Africa’s forgotten war
For two years Ethiopia and Eritrea fought over a rugged border in what became the 20th century’s last great conventional war. But the question remains: who won?
For two years Eritrea and Ethiopia fought bitterly over the disputed border
The 1990s offered little respite for Africa, with bloodshed and disorder carving a destructive path from Freetown to Mogadishu. As the decade neared its end one of the continent’s youngest states was proving to be a difficult neighbour. Eritrea gained its independence in 1993 after 32 years of struggle against Ethiopia, which had itself almost collapsed following the overthrow of its Soviet-backed Marxist Derg regime in 1985 and the subsequent internal conflicts that followed.
When Eritrea’s tough freedom fighters, clad in their iconic leather sandals, seized the colonial city of Asmara in 1991, a new state was cobbled together under the People’s Front for Democracy and Justice (PFDJ) and its taciturn strongman Isaias Afwerki.

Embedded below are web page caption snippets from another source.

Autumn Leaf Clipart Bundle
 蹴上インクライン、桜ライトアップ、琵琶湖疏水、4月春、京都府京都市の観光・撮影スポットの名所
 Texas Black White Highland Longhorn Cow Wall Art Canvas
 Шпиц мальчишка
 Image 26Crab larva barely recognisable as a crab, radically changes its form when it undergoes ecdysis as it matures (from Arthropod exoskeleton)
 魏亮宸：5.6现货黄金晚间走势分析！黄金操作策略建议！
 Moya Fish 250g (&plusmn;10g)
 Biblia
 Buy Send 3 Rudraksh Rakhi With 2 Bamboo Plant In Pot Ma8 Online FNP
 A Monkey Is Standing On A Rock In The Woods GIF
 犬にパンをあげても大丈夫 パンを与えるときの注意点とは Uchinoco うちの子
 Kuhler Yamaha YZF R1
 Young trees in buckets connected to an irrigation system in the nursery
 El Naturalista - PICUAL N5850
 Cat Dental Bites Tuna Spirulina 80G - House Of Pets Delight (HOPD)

But as ideal as the country’s territory looked on the map – flanked by the Red Sea on one side and a tranquil land border with Sudan on the other – Eritrea was soon bickering with neighbouring countries over unclaimed land, first with Djibouti over their overlapping geography, next with Yemen because of uninhabited islands, and then with its former nemesis Ethiopia, as a new border couldn’t be drawn up between them.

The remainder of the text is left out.